For RealMLP, we provide TD (tuned default),
HPO (hyperparameter optimization with random search),
and Ensemble (weighted ensembling of random search configurations) variants:

- RealMLP_TD_Classifier
- RealMLP_TD_Regressor
- RealMLP_HPO_Classifier
- RealMLP_HPO_Regressor
- RealMLP_Ensemble_Classifier
- RealMLP_Ensemble_Regressor

While the TD variants have good defaults,
they provide the option to override any hyperparameters.
The classifier and regressor have the same hyperparameters,
therefore we only show the constructor of the classifier here.
The first parameters until (including) verbosity
are provided for every scikit-learn interface,
although ``random_state``, ``n_threads``, ``tmp_folder``,
and ``verbosity`` may be ignored by some of the methods.
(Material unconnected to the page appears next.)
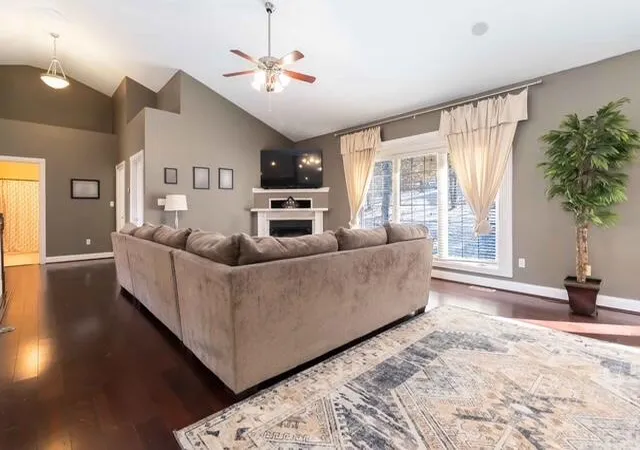 Photo 4 of Single family home for sale at 521 Water Cliff Dr, Somerset, KY 42503 | MLS# 25505913 | Listing updated on 2026-03-01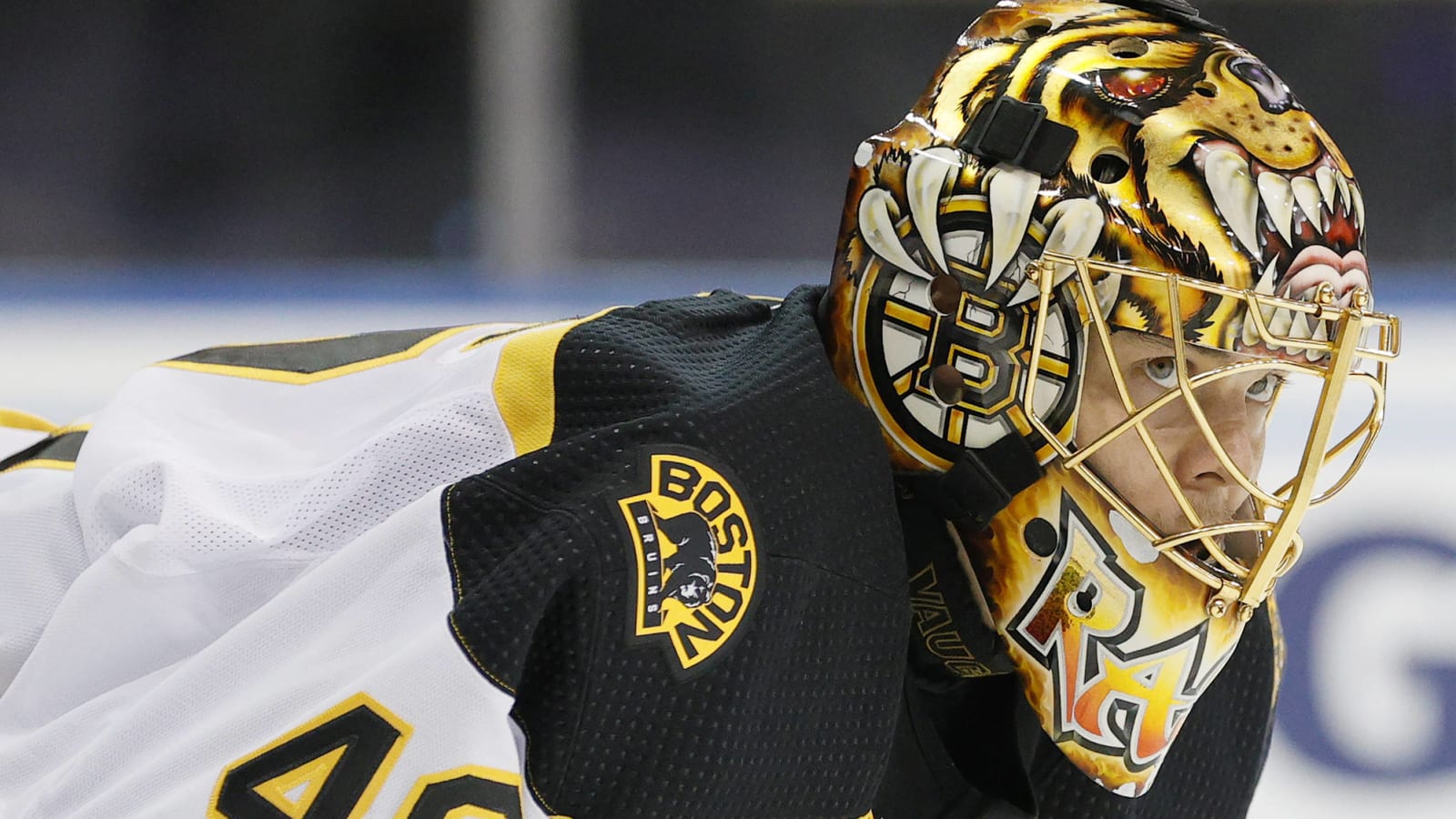 Bruins goaltender Tuukka Rask out at least two games with upper-body issue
.. autofunction:: pytabkit.models.sklearn.sklearn_interfaces.RealMLP_TD_Classifier.__init__

For the HPO and Ensemble variants, we currently only provide few options:

.. autofunction:: pytabkit.models.sklearn.sklearn_interfaces.RealMLP_HPO_Classifier.__init__


Boosted Trees
-------------

For boosted trees, we provide the same interfaces as for RealMLP (TD, D, and HPO variants),
but do not wrap the full parameter space from the respective libraries.
Here are some representative examples:

.. autofunction:: pytabkit.models.sklearn.sklearn_interfaces.XGB_TD_Classifier.__init__
.. autofunction:: pytabkit.models.sklearn.sklearn_interfaces.LGBM_TD_Classifier.__init__
.. autofunction:: pytabkit.models.sklearn.sklearn_interfaces.CatBoost_TD_Classifier.__init__

Other NN baselines
---------

We offer interfaces (D and HPO variants) for

- MLP (from the RTDL code)
- ResNet (from the RTDL code)
- FTT (FT-Transformer from the RTDL code)
- MLP-PLR (from the RTDL code)
- TabR (requires installing faiss)
- TabM

.. autofunction:: pytabkit.models.sklearn.sklearn_interfaces.MLP_RTDL_D_Classifier.__init__
.. autofunction:: pytabkit.models.sklearn.sklearn_interfaces.Resnet_RTDL_D_Classifier.__init__
.. autofunction:: pytabkit.models.sklearn.sklearn_interfaces.FTT_D_Classifier.__init__
.. autofunction:: pytabkit.models.sklearn.sklearn_interfaces.MLP_PLR_D_Classifier.__init__
.. autofunction:: pytabkit.models.sklearn.sklearn_interfaces.TabR_S_D_Classifier.__init__
.. autofunction:: pytabkit.models.sklearn.sklearn_interfaces.TabM_D_Classifier.__init__

xRFM
------

We offer D and HPO variants for xRFM.

.. autofunction:: pytabkit.models.sklearn.sklearn_interfaces.XRFM_D_Classifier.__init__


Other methods
-------------
For convenience, we wrap the scikit-learn RF and MLP interfaces
with our scikit-learn interfaces,
although in this case the validation sets are not used.
The respective classes are called
``RF_SKL_Classifier`` and ``MLP_SKL_Classifier`` etc.
We also provide our ``Ensemble_TD_Classifier`` and ``Ensemble_HPO_Classifier``,
a weighted ensemble of our TD / HPO models (and similar for regression).

..
    test

    .. autoclass:: pytabkit.models.sklearn.sklearn_interfaces.RealMLPConstructorMixin

    test2

    .. automodule:: pytabkit.models.sklearn.sklearn_interfaces
        :members:
        :undoc-members:
        :show-inheritance:

Saving and loading
------------------

RealMLP and possibly other models (except probably TabR)
can be saved using pickle-like modules.
With standard pickling,
a model trained on a GPU will be restored to use the same GPU,
and fail to load if the GPU is not present.
(Note that dill fails to save torch models in newer torch versions,
while pickle can still save them.)

The following code allows to load GPU-trained models to the CPU,
but fails to run predict() due to pytorch-lightning device issues.

.. code-block:: language
    import torch
    import dill  # might also work with pickle instead
    torch.save(model, 'model.pkl', pickle_module=dill, _use_new_zipfile_serialization=False)
    model = torch.load('model.pkl', map_location='cpu', pickle_module=dill)